Researchers at uOttawa have created a new method to measure the temporal evolution of electric fields with optical frequencies. The new approach, which works in ambient air, facilitates the direct measurement of the field waveform and could lead to breakthroughs in high-speed electronics.

To learn more, we talked to Aleksey Korobenko, a postdoctoral fellow in the Department of Physics at the University of Ottawa, and lead author of “Femtosecond streaking in ambient air, an article recently published in the journal Optica.

Please tell us about this research project.

“The aim of our project is to resolve the electric field oscillations in a light pulse. This allows one to control the motion of electrons in quantum systems on shortest time scales and may lead to important applications such as petahertz electronics — that are a million times faster than typical modern processors.

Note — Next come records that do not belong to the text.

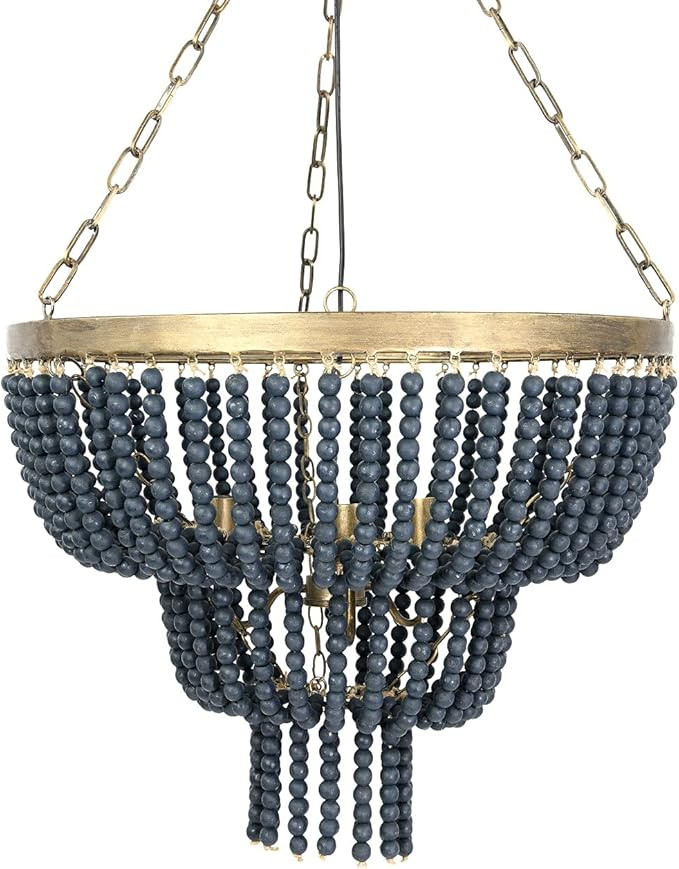 Creative Co-Op EC0353 Iron Pendant Light with Blue Wood Beads Chandelier | Amazon (US)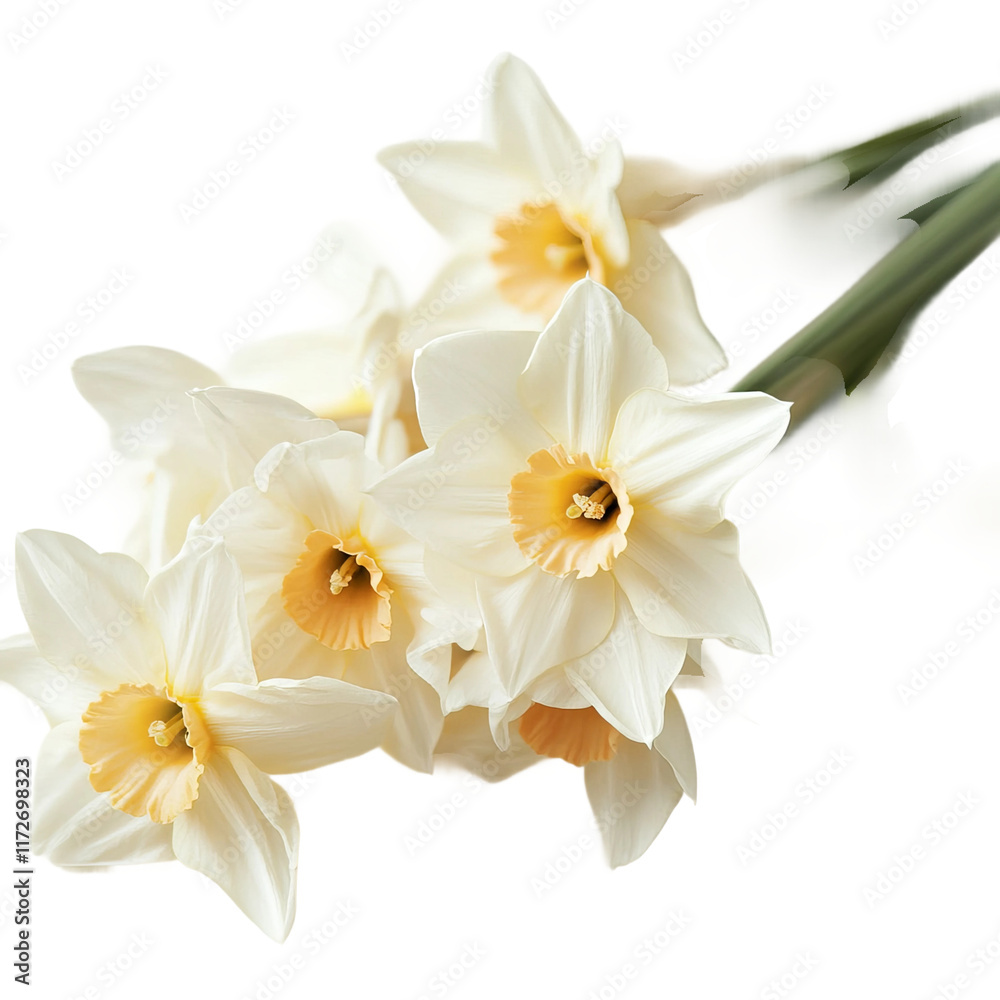 a bunch of pale daffodils with orange centers lying down isolated on a white background a bunch of pale daffodils with orange centers lying down isolated on a white background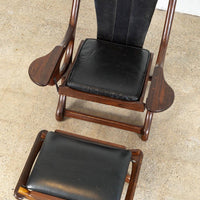Vintage Mid Century Mexican Modern Don Shoemaker for Senal Rosewood & Black Leather Sling Chair with Ottoman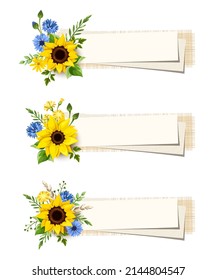 Set of web banners with blue and yellow sunflowers, dandelion flowers, gerbera flowers, cornflowers, ears of wheat, and green leaves. Vector illustration
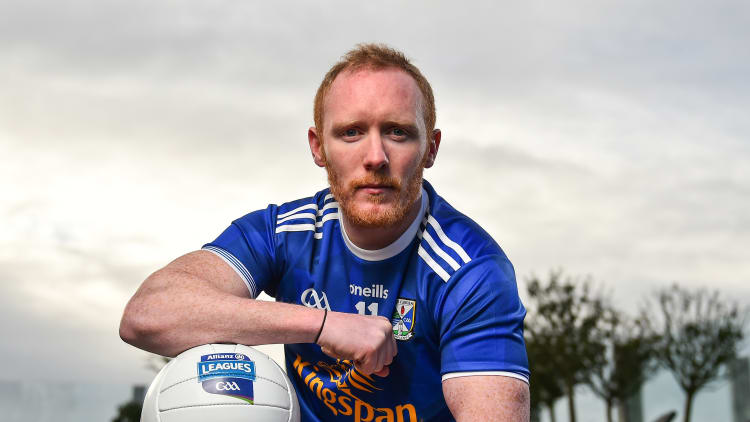 Cavan footballer Cian Mackey pictured at a media event ahead of Sunday's Allianz League Division One clash against Galway.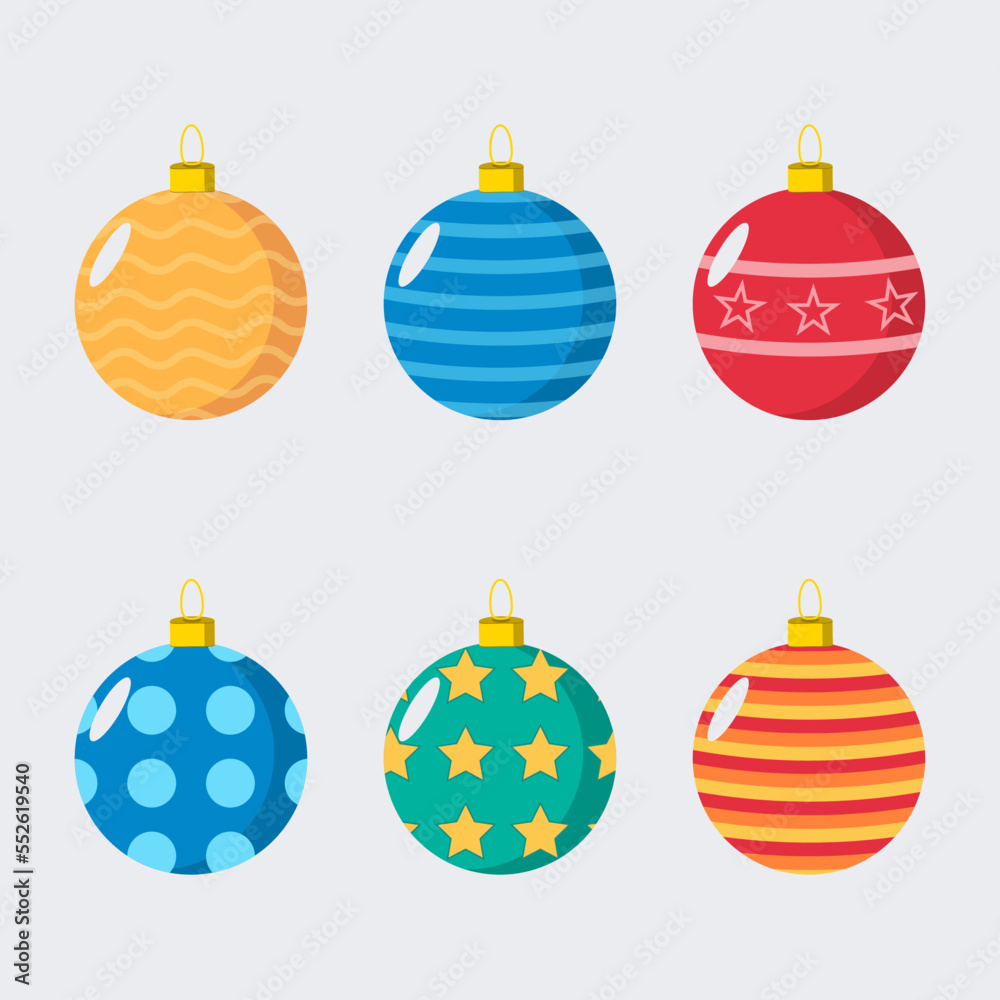 Different christmas toys, ballson the christmas tree new year decorations Different christmas toys, ballson the christmas tree new year decorations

Such a measurement was first achieved using a technique called attosecond streaking — a generalization of the long-known conventional streak camera. When irradiated with a short electromagnetic pulse, the gas molecules give up their electrons that continue their motion, experiencing the pull from the field of a second, “streaking,” pulse. Measuring the velocity that the electrons acquire due to this pull allows one to reconstruct the streaking pulse on attosecond time scales.”

What did you discover?

“In our work we demonstrated that instead of measuring the velocities of individual electrons in low-density gas samples, which requires high vacuum conditions and/or a complicated setup, one can simply measure the current induced in air plasma under ambient conditions. We probe this current using a pair of metal electrodes. which facilitates a much simpler and faster measurement of a light wave oscillation.”

Why is it important?

“We can access the time scales of the optical field oscillations in an inexpensive, fast and robust way. Owing to its simplicity, our method can become a useful tool for the ultrashort lasers research community, aiding the development of a next generation petahertz electronics.”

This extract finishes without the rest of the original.